The Entuity Configuration Management module adds configuration management and monitor functions to Entuity. Configuration Management allows you to configure devices and ports on your network by running scripts on those target devices, if the appropriate CLI credential sets have been established. Configuration Management requires a valid license and is activated through configure.
It uses a combination of the Entuity information database, an Expect API and Groovy scripts to enable you to specify configuration tasks.
Configuration management functionality:
Configuration Management allows you to:
- retrieve and archive device configuration files.
- alert to changes in device configuration files.
- alert to changes to firmware versions and the automatic retrieval of device configuration.
- warn of unsaved changes in device configuration files.
- enable detailed comparison of device configuration files.
- identify trivial changes in device configuration files to be excluded when identifying differences between files.
- check device configuration files for best practice.
- access devices using Telnet and SSH.
- transport device configurations using FTP, TFTP, SCP and RCP protocols.
- integrate with Entuity's permissions system.
- track configuration performance through the Entuity UI.
- integrate with Entuity reports.
- view archived configuration files.
- manage device configuration from the command line and through the Entuity RESTful API.
- To use Configuration Management, you must either be an Administrator or have the Configuration Management Administration tool permission.
- Configuration Management access can set up configuration management tasks and steps.
- Configuration Monitor access can view and set all parameters, including:
- list of devices to monitor.
- frequency of monitoring.
- number of files to archive.
- matching patterns and policy patterns.
- Retrieved configuration details are associated with their device, so access permissions are granted based on that View membership.
- Current and archived files are saved to the Entuity server. Access to folders outside of Entuity are controlled by the operating system permissions.
Remote and transport protocols:
Entuity can use Telnet and Secure Shell (SSHv1 and SSHv2) to access devices for monitoring their configuration. All required executables are included in the package and preinstalled in the appropriate location. No additional installation steps are required to use either Telnet or SSH.
Entuity can use FTP, TFTP, SCP and RCP servers for the retrieval of configuration files. For configuration retireval to work, the specified transfer server type must be running on the Entuity server.
Device configuration retrieval:
Configuration Management can attempt to retrieve device configuration for a device:
- managed by Entuity, regardless of its management level (e.g. Full, Ping Only, Basic etc.).
- that has a retrieval script file associated with either its device sysOid or vendor sysOid. Full configuration management functionality is only available if there are also mapped exclusion and policy files.
Command line and RESTful API automated configuration retrieval:
You can use the Entuity UI or RESTful API to apply configuration management settings to one or more specified devices. You can also use RESTful API to automate the management of device configuration retrieval.
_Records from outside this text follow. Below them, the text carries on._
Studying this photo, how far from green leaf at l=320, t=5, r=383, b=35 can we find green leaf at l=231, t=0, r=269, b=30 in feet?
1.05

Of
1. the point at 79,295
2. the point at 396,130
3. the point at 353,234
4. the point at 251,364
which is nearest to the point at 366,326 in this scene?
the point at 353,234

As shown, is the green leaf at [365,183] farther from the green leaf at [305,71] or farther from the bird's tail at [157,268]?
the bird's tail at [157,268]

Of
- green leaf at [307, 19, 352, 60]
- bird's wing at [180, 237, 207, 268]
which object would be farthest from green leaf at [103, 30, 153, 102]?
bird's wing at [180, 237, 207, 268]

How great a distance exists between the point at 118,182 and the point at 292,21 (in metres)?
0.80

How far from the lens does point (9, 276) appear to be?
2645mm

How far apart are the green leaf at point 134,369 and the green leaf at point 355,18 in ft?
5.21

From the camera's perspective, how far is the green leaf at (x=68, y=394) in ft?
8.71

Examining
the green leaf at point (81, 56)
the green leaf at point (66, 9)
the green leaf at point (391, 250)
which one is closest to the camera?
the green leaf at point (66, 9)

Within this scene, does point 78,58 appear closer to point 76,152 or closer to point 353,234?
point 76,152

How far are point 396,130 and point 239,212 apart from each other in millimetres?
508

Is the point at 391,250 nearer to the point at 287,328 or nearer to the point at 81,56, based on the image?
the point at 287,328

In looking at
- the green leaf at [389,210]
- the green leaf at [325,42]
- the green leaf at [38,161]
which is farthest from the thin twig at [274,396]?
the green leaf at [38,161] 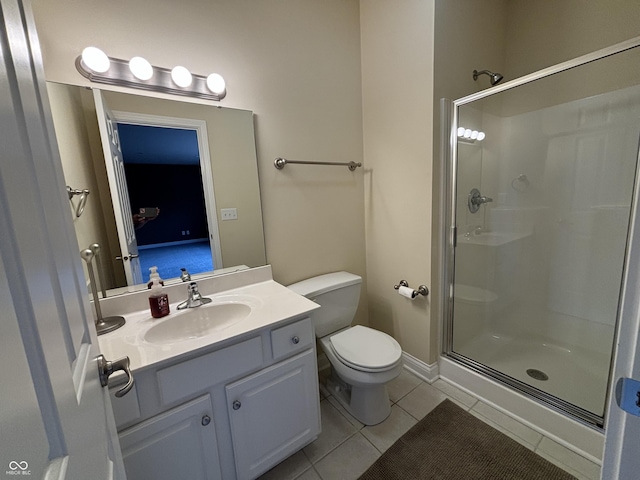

Configuration administration and configuration tasks:
Configuration administration is managed through the Configuration Management page. This is accessible by clicking Main Menu > Administration > Configuration Management.
Entuity uses a combination of the Entuity information database, an Expect API and Groovy scripts to allow you to specify configuration tasks. A configuration task contains all the instructions required to complete ht e designated configuration management or monitor task. Tasks can be initiated from a context menu or through the scheduler. A task usually has a specific objective, which is often the configuration of a device or port. It involves a number of steps, e.g.:
- log in to a device.
- perform an action.
- log out of a device.
The login and logout steps are generic and could be reused by many tasks.
When you run a task, it becomes a job. If this job is running against a number of objects (devices or ports), then each object has its own sub-job. Therefore, the success or failure of a subjob on one object does not impact the processing of another subjob.
The configuration management task process is as follows:
- Task is run.
- The Entuity server identifies and validates the target objects. Where the target objects are managed by remote Entuity servers, this involves checking with those servers and potentially amending the list of targets against which the job runs. The validation tests that are applied before dispatching the job are as follows:
- check the task is still available.
- check the current version of the task is the same as that associated with the job, e.g. one user may call a task while another is updating it. This check is only applicable to tasks called from context menus.
- validate the Groovy script.
- check the user permissions of job owner are sufficient to run the job.
- apply the filter to derive the target objects.
- The Entuity server creates a dispatch job to send to the Script Engine of the Entuity server that is managing the target objects. The dispatch job contains 1 subjob for each target. When these targets are managed by different servers, Entuity creates a dispatch job for each server. Note, because jobs may be defined on a central server but run on a remote server, it is important that central and remote servers are running the same version of Entuity.
- The Script Engine runs the subjobs, performing the specified task on the target device or port. Through the Job History page, you can view the progress of a job, and you can drill down to a subjob to view its progress. When tasks are configured for events, then Entuity can raise events and incidents that report the success or failure of the job.